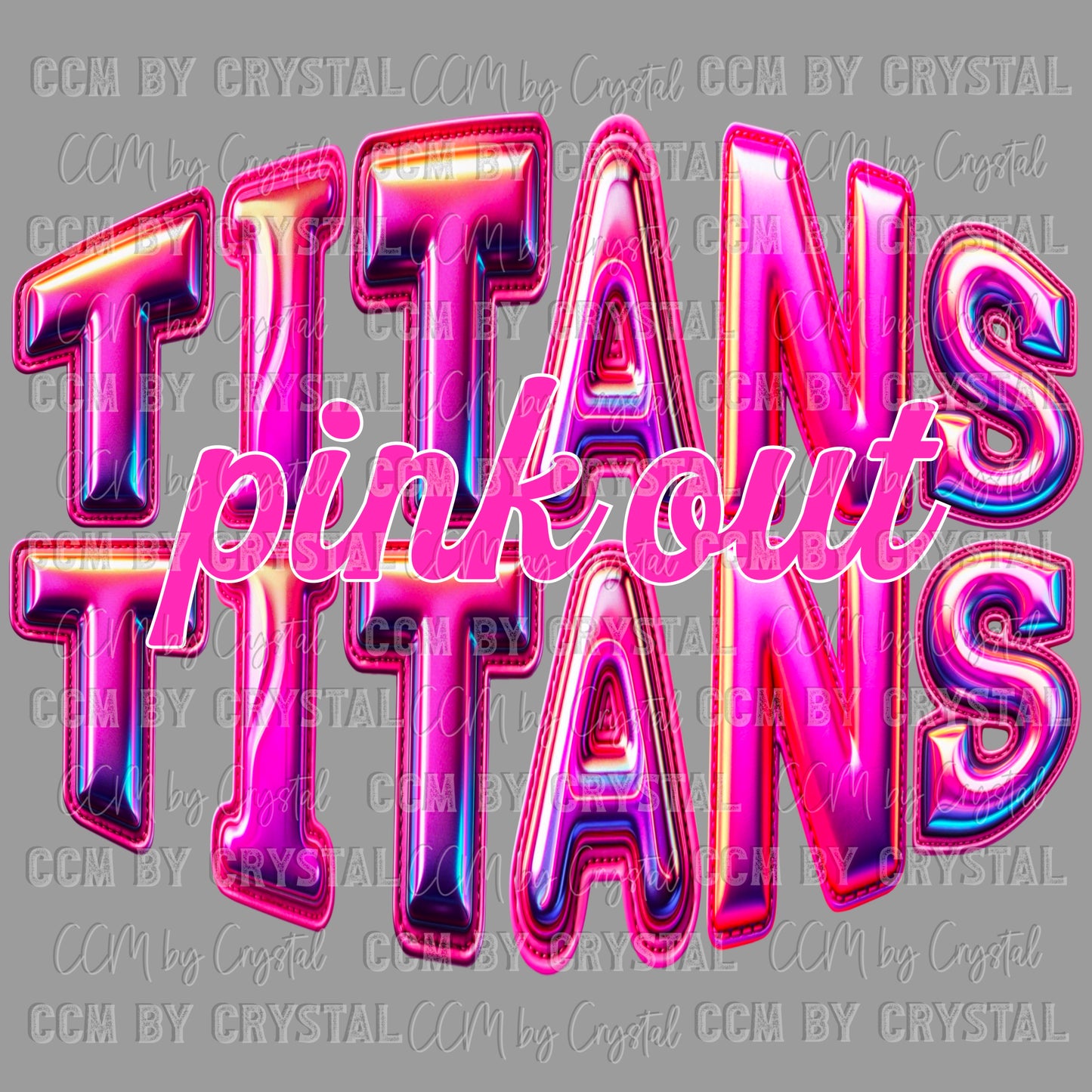 Titans Holographic Pink Out Ready to Press Transfer DTF Transfer Sublimation Transfer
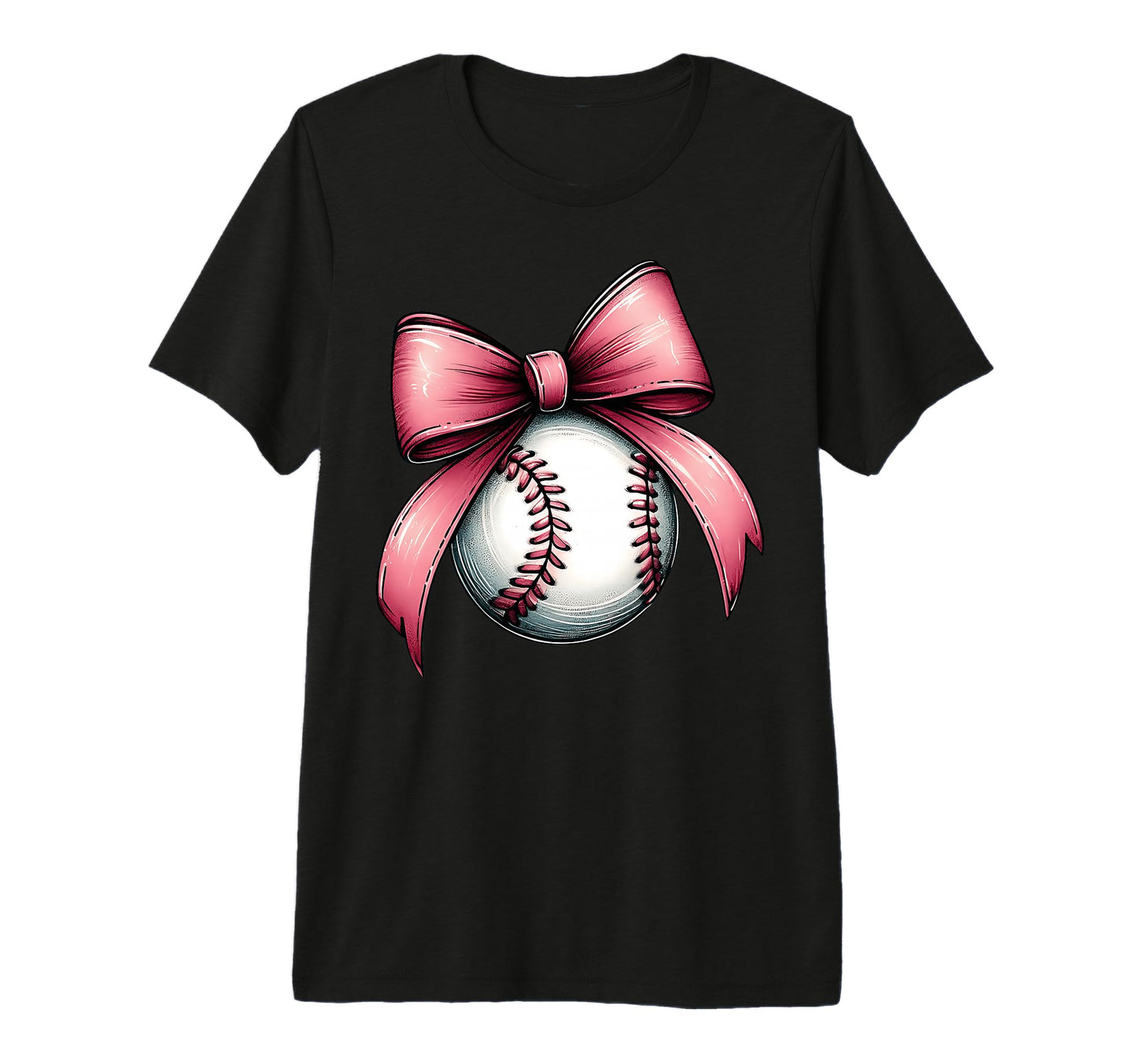 Coquette Bow Baseball Player Team T-Shirt - Custom Art Print Unisex - T-Shirt, Sweatshirt, Hoodie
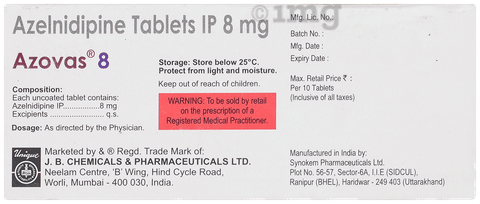 Azovas 8mg Tablet image Azovas 8mg Tablet image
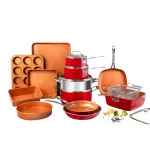 Gotham Steel 20-Piece Ti-Ceramic Nonstick Cookware and Bakeware Set, Red thumbnail 1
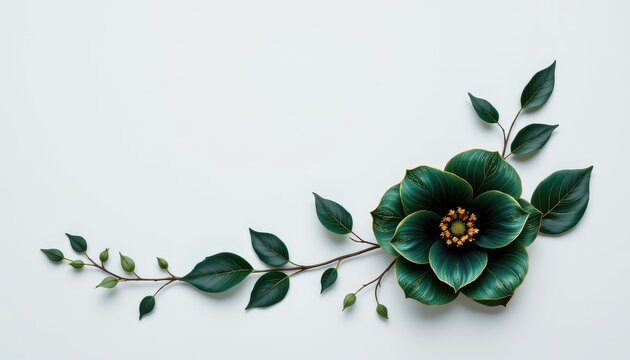 Elegant green flower with leaves on a light background, perfect for nature-themed designs and artistic expressions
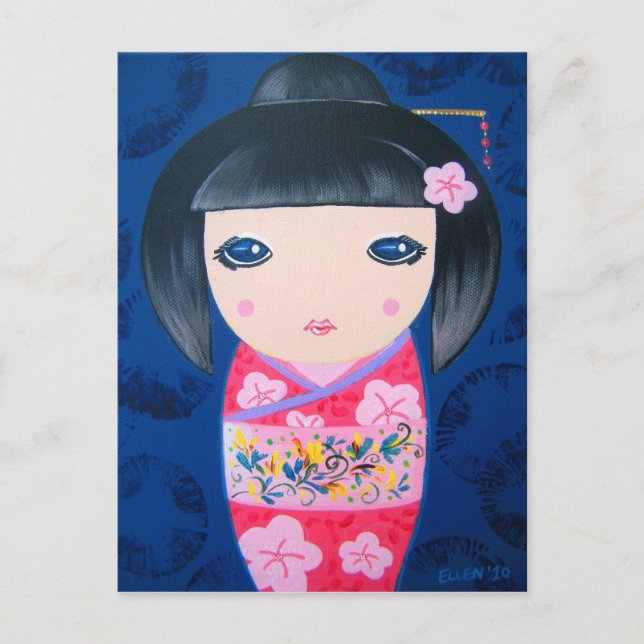 Cartão Postal Kokeshi Doll - Harumi (Frente)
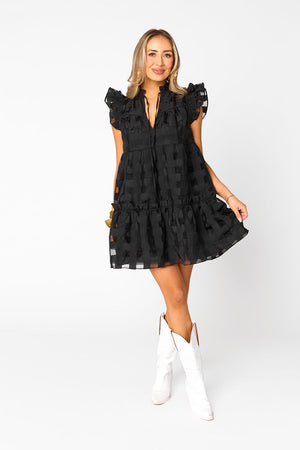 Aubrey Ruffle Shoulder Short Dress - Black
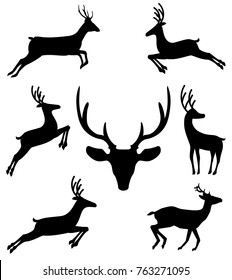 Set of black silhouettes of reindeers in different moving positions isolated on white background. Vector illustration, icons, clip art, elements for design.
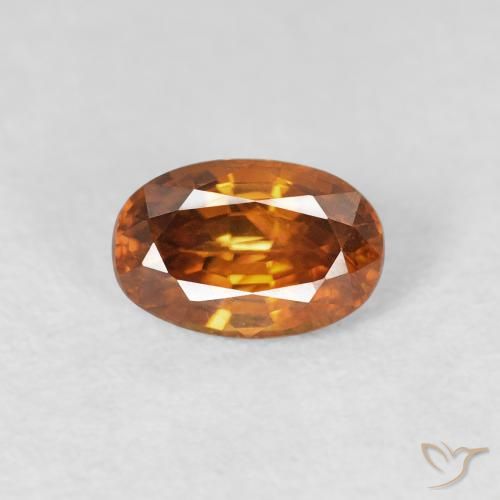 0.80ct طبيعي Medium Dark-Orange زركون, بيضوي, قليلا جدا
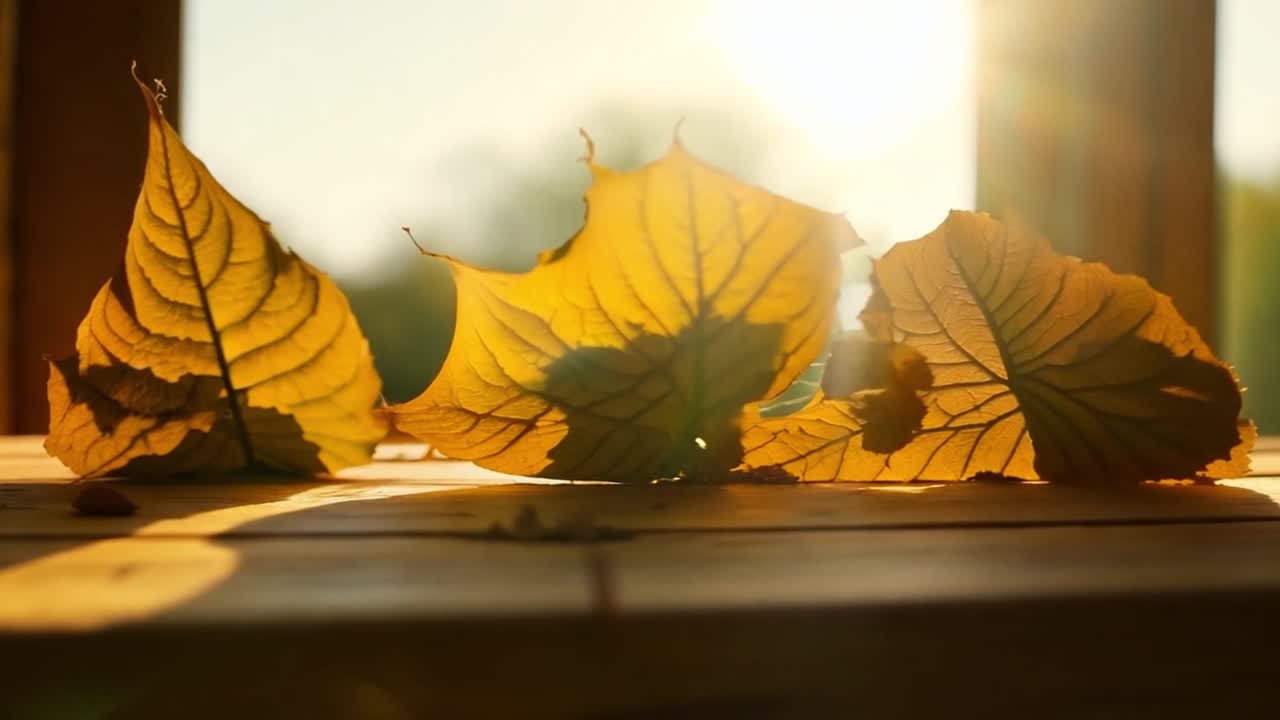 Golden autumn leaves on a wooden surface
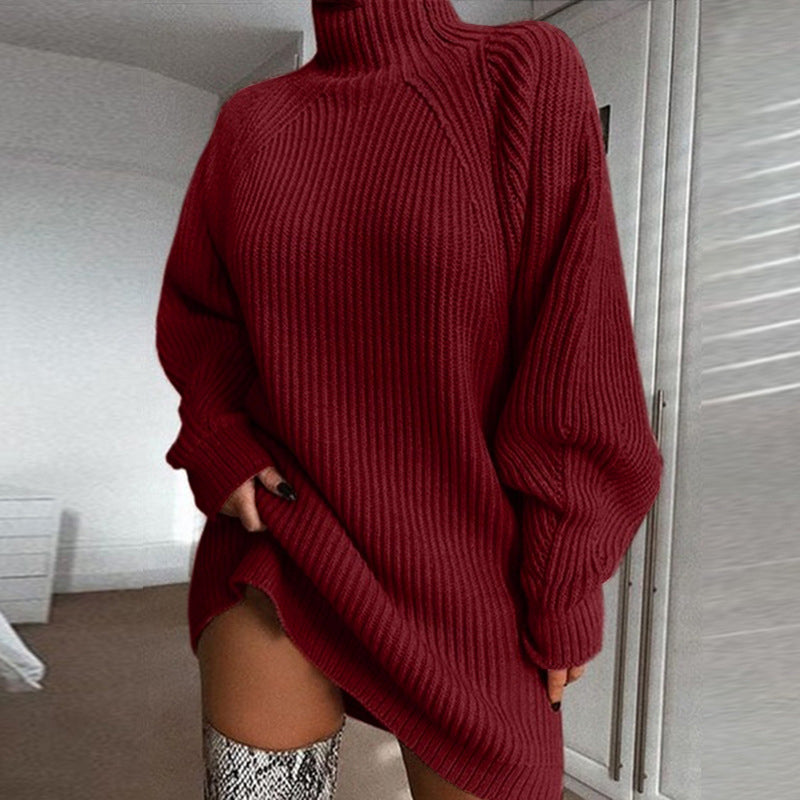 Women's Turtleneck Knit Sweater Dress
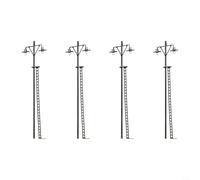 Emiif HO Scale OO gauge LED Yard Light Model railway Train Railroad Street Station Lamp Post Metal Body with Resistors 4 Pack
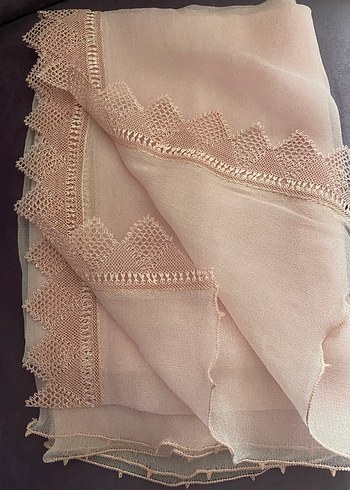 İpek iğne oyalı şal - Görsel 2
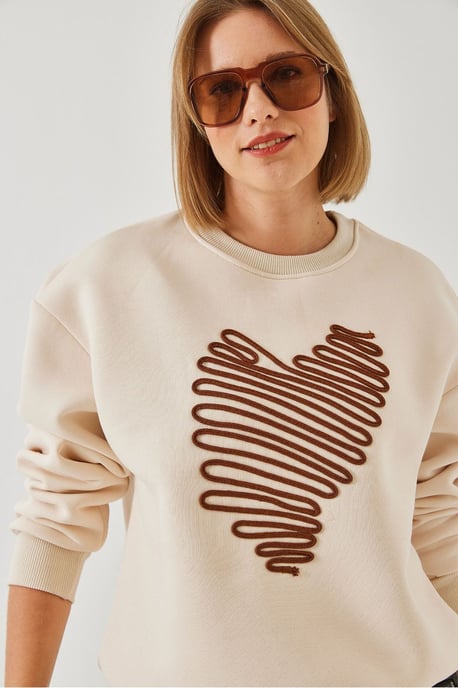 Geborduurd Ronde Hals Katoenen Sweatshirt - Image 2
□ □ □ □ □ □ □
• [TRY IT]: Whenever images occur above, omit them and retype each line exactly as it stands.

• [TASK OUTPUT]:
 Titans Holographic Pink Out Ready to Press Transfer DTF Transfer Sublimation Transfer
 Coquette Bow Baseball Player Team T-Shirt - Custom Art Print Unisex - T-Shirt, Sweatshirt, Hoodie
 Azovas 8mg Tablet image Azovas 8mg Tablet image
 Gotham Steel 20-Piece Ti-Ceramic Nonstick Cookware and Bakeware Set, Red thumbnail 1
 Elegant green flower with leaves on a light background, perfect for nature-themed designs and artistic expressions
 Cartão Postal Kokeshi Doll - Harumi (Frente)
 Aubrey Ruffle Shoulder Short Dress - Black
 Set of black silhouettes of reindeers in different moving positions isolated on white background. Vector illustration, icons, clip art, elements for design.
 0.80ct طبيعي Medium Dark-Orange زركون, بيضوي, قليلا جدا
 Golden autumn leaves on a wooden surface
 Women's Turtleneck Knit Sweater Dress
 Emiif HO Scale OO gauge LED Yard Light Model railway Train Railroad Street Station Lamp Post Metal Body with Resistors 4 Pack
 İpek iğne oyalı şal - Görsel 2
 Geborduurd Ronde Hals Katoenen Sweatshirt - Image 2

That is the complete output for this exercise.